LSF DRM and the SIMULIA Execution Engine

You can use Platform LSF distributed resource management (DRM) to control the distribution and execution of your workload in a SIMULIA Execution Engine environment.

The SIMULIA Execution Engine can be configured to use LSF, the third-party distributed resource management system, to optimize the utilization of compute resources for high-performance computing tasks. Once the system is configured, you can set LSF-specific options for individual Isight components (via the DRM Settings tab on the Properties dialog box). For more information on these component settings, see Configuring the LSF DRM Settings in the Isight Component Guide.

Enabling the LSF DRM feature can significantly enhance the scheduling capabilities of the SIMULIA Execution Engine, particularly for workflows with time-consuming, resource-intensive work items.
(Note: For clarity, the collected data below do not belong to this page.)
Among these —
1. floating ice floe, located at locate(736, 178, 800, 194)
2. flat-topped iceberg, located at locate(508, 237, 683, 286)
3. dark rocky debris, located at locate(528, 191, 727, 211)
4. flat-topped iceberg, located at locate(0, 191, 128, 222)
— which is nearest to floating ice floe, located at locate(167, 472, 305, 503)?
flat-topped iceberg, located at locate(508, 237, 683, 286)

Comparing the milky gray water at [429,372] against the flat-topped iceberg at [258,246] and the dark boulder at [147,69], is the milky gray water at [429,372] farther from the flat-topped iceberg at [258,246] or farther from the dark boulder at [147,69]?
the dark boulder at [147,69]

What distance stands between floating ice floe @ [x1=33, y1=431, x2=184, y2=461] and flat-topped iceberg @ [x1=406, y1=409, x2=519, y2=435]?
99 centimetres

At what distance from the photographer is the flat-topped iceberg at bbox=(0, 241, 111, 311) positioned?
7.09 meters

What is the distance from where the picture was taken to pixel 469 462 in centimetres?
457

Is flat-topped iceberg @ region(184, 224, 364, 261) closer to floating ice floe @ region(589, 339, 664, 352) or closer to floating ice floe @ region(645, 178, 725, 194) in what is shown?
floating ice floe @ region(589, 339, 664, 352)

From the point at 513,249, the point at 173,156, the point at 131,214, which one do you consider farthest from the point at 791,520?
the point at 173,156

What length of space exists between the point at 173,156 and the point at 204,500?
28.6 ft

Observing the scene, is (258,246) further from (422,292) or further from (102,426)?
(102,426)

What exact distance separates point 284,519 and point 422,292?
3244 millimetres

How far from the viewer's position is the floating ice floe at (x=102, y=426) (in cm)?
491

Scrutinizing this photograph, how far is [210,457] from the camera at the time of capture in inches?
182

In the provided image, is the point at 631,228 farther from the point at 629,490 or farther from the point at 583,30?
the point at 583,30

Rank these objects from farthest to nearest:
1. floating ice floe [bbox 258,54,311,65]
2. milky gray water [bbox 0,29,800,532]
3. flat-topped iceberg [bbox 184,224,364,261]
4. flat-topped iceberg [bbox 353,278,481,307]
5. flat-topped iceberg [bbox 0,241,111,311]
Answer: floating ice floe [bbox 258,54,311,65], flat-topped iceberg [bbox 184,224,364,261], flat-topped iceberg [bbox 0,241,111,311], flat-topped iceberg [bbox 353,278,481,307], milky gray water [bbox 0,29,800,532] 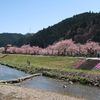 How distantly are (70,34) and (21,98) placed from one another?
6030 inches

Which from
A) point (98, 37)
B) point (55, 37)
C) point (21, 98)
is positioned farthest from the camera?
point (55, 37)

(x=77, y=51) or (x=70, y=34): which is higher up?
(x=70, y=34)

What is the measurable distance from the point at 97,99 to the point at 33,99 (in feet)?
23.3

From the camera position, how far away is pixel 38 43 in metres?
197

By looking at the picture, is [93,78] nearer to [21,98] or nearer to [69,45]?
[21,98]

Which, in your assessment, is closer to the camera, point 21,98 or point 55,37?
point 21,98

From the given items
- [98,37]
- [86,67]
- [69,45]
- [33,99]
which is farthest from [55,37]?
[33,99]

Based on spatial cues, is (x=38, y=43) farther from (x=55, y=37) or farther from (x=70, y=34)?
(x=70, y=34)

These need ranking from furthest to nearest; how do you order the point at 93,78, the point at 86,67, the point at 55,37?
1. the point at 55,37
2. the point at 86,67
3. the point at 93,78

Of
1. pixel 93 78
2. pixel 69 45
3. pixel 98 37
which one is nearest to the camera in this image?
pixel 93 78

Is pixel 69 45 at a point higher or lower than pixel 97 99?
higher

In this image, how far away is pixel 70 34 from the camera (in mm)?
164250

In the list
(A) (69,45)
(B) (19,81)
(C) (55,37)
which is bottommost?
(B) (19,81)

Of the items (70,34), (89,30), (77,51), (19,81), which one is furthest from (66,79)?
(70,34) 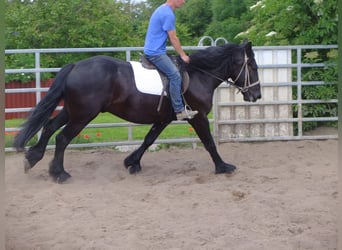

When using the Fiper DRM option, the SIMULIA Execution Engine requires that stations be running and awaiting work items sent from the SIMULIA Execution Engine server. When using the LSF DRM option, the SIMULIA Execution Engine uses LSF to launch SIMULIA Execution Engine station processes as needed on LSF compute nodes. Each process is then connected to the SIMULIA Execution Engine server, runs a single work item, and is terminated. Each work item dispatched with the LSF DRM corresponds to a single LSF job. This configuration gives LSF direct control over the station processes that are actually doing work, both for resource management and accounting purposes, and allows the SIMULIA Execution Engine server to utilize LSF’s sophisticated scheduling capabilities to select the optimal node for each piece of work.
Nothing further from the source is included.